The Oberlin Heritage Center consists of three historic sites—the 1866 Monroe House, 1884 Jewett House, and 1836 School House. The center's goal is to preserve and share the history of Oberlin, OH, including its role in abolitionism, the Underground Railroad, women's rights movements, temperance, education, and the aluminum industry. The Italianate Monroe House was home to General Giles W. Shurtleff, leader of the first African American Civil War regiment from Ohio. The School House has been restored to a pioneer era appearance. The school offered lessons to all students, regardless of wide-spread segregation, as early as 1836. The Jewett House was owned by chemistry professor Frank Fanning Jewett and his wife Frances Gulick Jewett. The couple published works on public health, and rented living space to Oberlin College students.

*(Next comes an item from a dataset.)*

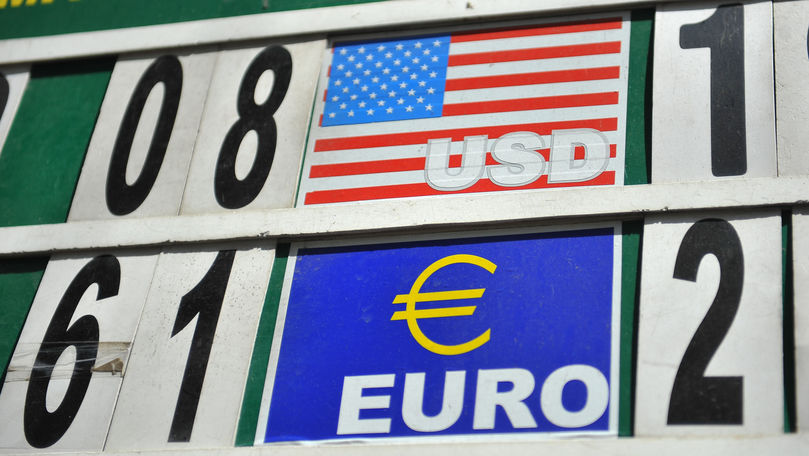 Curs valutar 13 septembrie 2021: Cât valorează un euro și un dolar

The center offers guided house tours, group tours, guided history walks, step-on guides for bus tours, and research center access. The research center is open by appointment only, and it offers oral histories in addition to archival materials. Tours are approximately 75 minutes long. Reservations must be made at least one month in advance for groups of 10 or more. History walks are available by reservation only. Audio amplifiers are available. The historic homes are partially wheelchair accessible. The website offers historical photographs; historic games, crafts, and recipes; 1800s children's stories; information on the intersection of the heritage center and state educational standards; and suggested class activities.